A judge has ordered an Ohio-based carrier to pay two drivers deemed wrongfully terminated $302,000. The drivers were fired after refusing to drive when they discovered their carriers’ trucks did not have the proper information (company name or DOT number) displayed on the vehicles.
The U.S. Department of Labor had filed a lawsuit against the North Canton, Ohio-based Star Air Inc. and owner Robert R. Custer for firing the two drivers. One had been stopped by police in West Virginia and cited for hauling an excess load without a CDL, operating an overweight trailer and driving without a logbook.

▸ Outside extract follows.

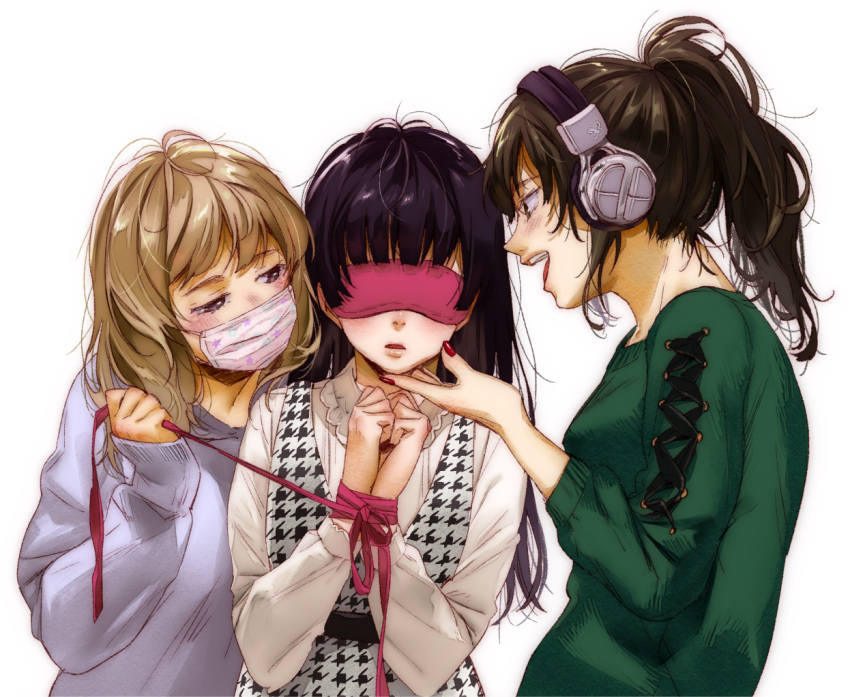 3girls ayase_totsuki black_hair blush bound bound_wrists brown_hair cross-laced_clothes hand_on_another's_chin headphones houndstooth long_hair looking_at_another messy_hair multiple_girls nail_polish open_mouth original parted_lips ponytail ribbon sleep_mask sleeves_past_wrists star_print surgical_mask sweater yuri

The truck also did not display the name of the company, its home base or its DOT number.
That driver told another driver about the situation, who was also operating without the proper display of information, and both refused to drive until the issues were resolved.

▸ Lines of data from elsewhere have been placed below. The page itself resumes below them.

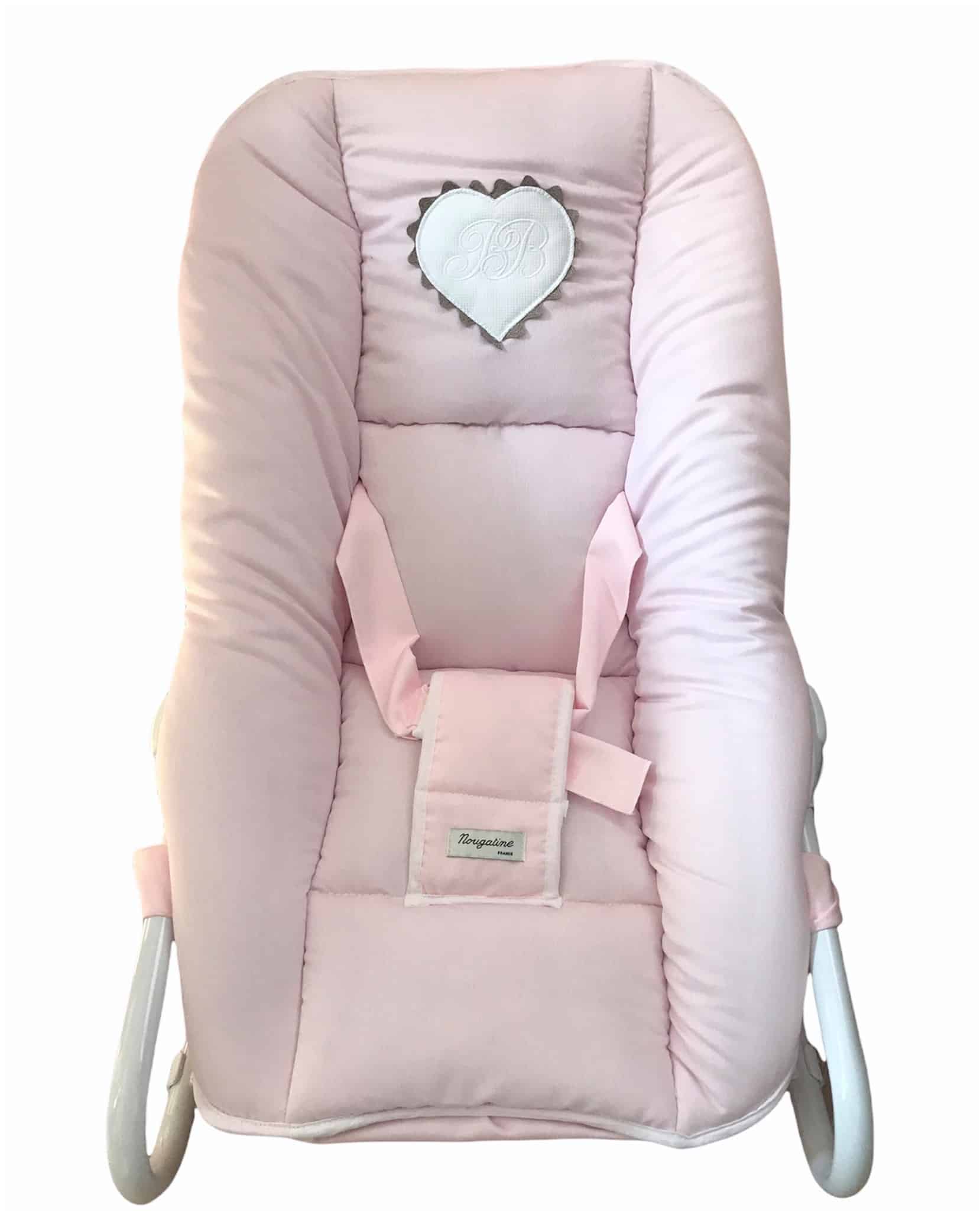 Transat bébé 3 Positions Coton Blanc/Rose Emma - Maison Nougatine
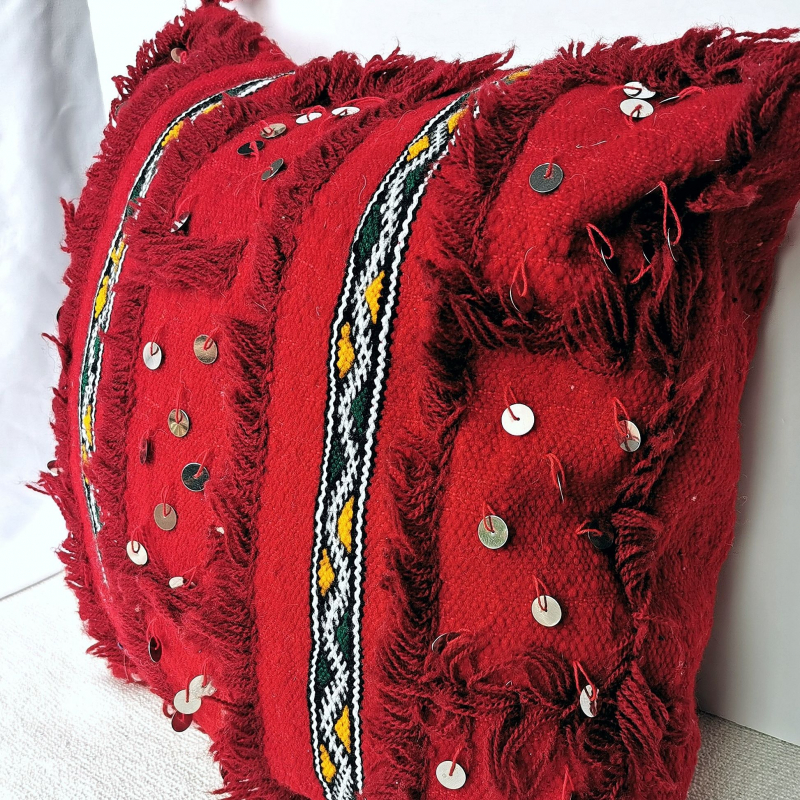 Coussin berbère Handira Rouge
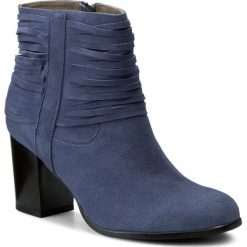 Botki ANN MEX - 7888 05CW Granat. Niebieskie botki Ann Mex, bez wzorów, ze skóry, bez obcasa, na obcasie, bez zapięcia. W wyprzedaży za 199.00 zł.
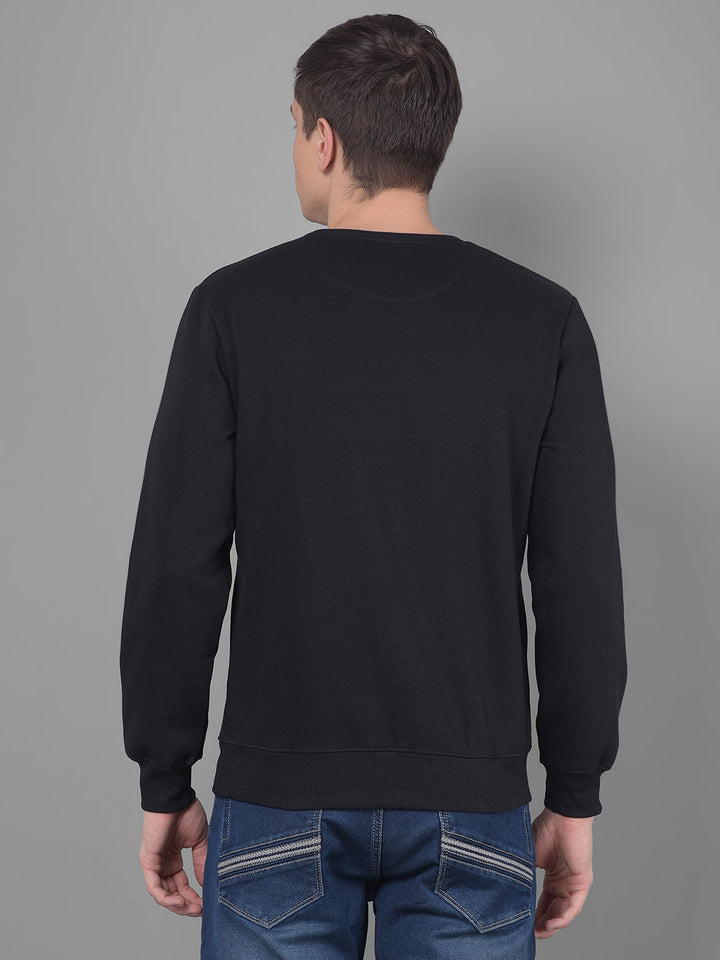 cobb navy blue printed round neck sweatshirt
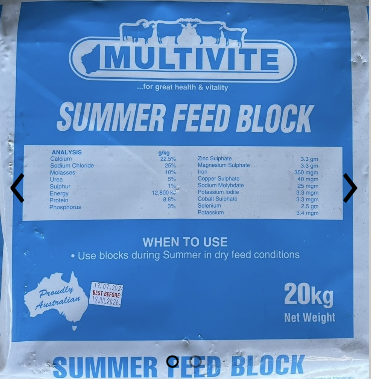 MULTIVITE SUMMER DRY FEED BLOCK 20KG - BLUE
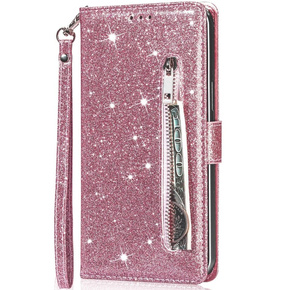 Cu clapetă pentru Samsung Galaxy A55, Wallet Zipper Pocket Glittery, roz rose gold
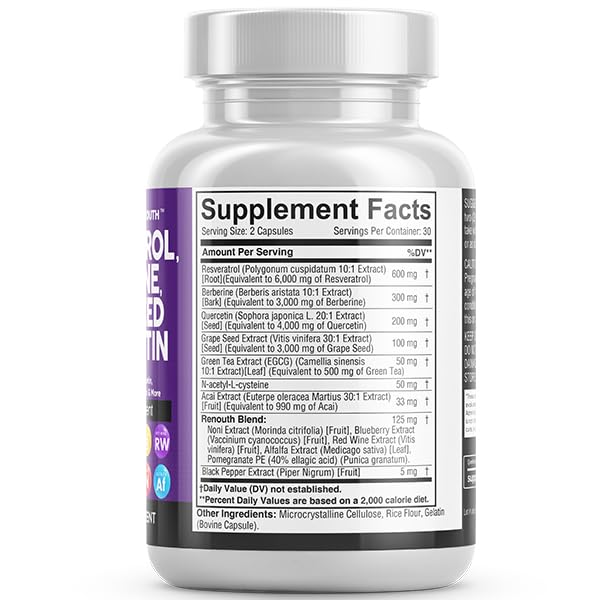 Foto 8 pulgar | Suplemento Clean Nutraceuticals Renouth Resveratrol 6000 mg - Venta Internacional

The company then fired both.
The judge presiding over the case ruled in favor of the Department of Labor, saying the termination of the drivers violated whistleblower protections in the 1982 Surface Transportation Assistance Act.
“No truck driver should be forced to drive while tired, sick or in violation of truck weight or hours-of-service requirements,” said David Michaels, assistant Secretary of Labor the DOL’s Occupational Safety and Health Administration. “OSHA will continue to defend America’s truck drivers against unscrupulous employers who unlawfully retaliate against drivers who assert their right to drive safely.”
The judge ordered the company to reinstate the drivers and pay them back wages. Star Air Inc. — along with successor company Akron Reserve Ammunition and company owner Custer — must pay the drivers the agreed-upon $302,000 over a three-year period.